Who hasn't heard of Nancy Drew and the Hardy Boys? They are perhaps the most successful series books ever in terms of longevity, and they changed the face of series books for decades, so that the detective story dominated. But in the early twentieth century, many other kinds of juvenile series books were popular, and the themes reveal something about the culture of the time.
Many early series were devoted to new technologies such as movies, motorcycles, cars, and airships. Flying stories were especially popular during World Wars I and II. Scouting and other outdoor adventure stories were quite popular until the advent of the detective story. Sports series survived, however, especially those about basketball, football, and baseball. Perhaps the best of the lot, the Chip Hilton series, has been recently reprinted.
The older stories are especially intriging because they reveal little things about the time they were written. For instance, in the original Nancy Drew stories from the 1930s, Nancy has to keep an eye on the weather if she's going to be driving anywhere. Why?
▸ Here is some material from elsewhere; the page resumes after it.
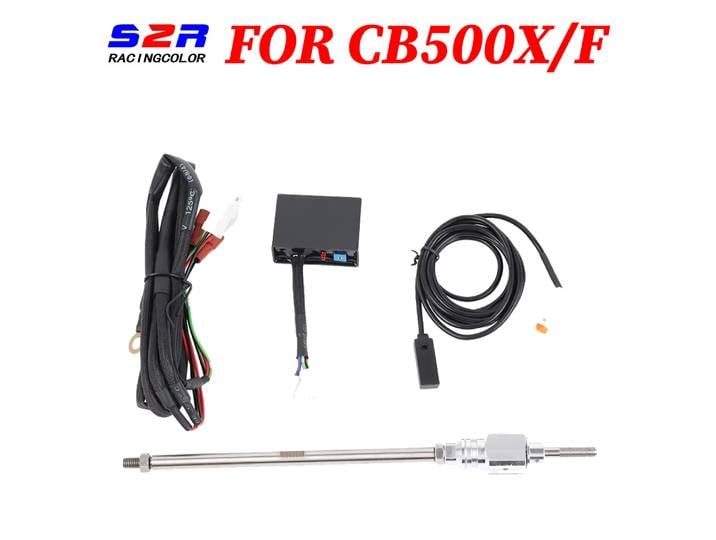 Accessoires pour Honda CB 500X CB 500F CB500X CB500F, changement de vitesse électronique rapide, QuickShifter, changement de vitesse rapide, capteur de changement de vitesse rapide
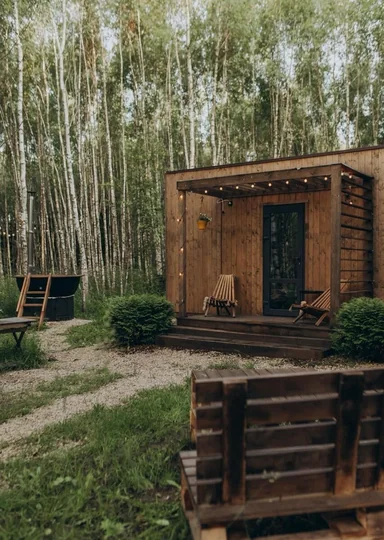 Места для перезагрузки: экотропы, глэмпинги, well-being-отели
Not many roads were paved then, and the roads would become impassable in the rain. Running boards on cars show up frequently, and in the Rambler Club a friendly official calls speeding "scorching".
Classic series books references may be seen in Hollywood and even in modern vocabulary. For example, the word taser stands for "Thomas A. Swift's Electric Rifle." (The book Tom Swift and His Electric Rifle was published a hundred years ago.) In the original That Darn Cat, the supporting actress mentions "Tom Swift and His Electric Switchboard". The Rover Boys are a frequent reference in older movies.
It would be interesting to know just how much series books influenced those who read them. But if only a reflection of their time, the classic series book is certainly a significant part of Western history and culture.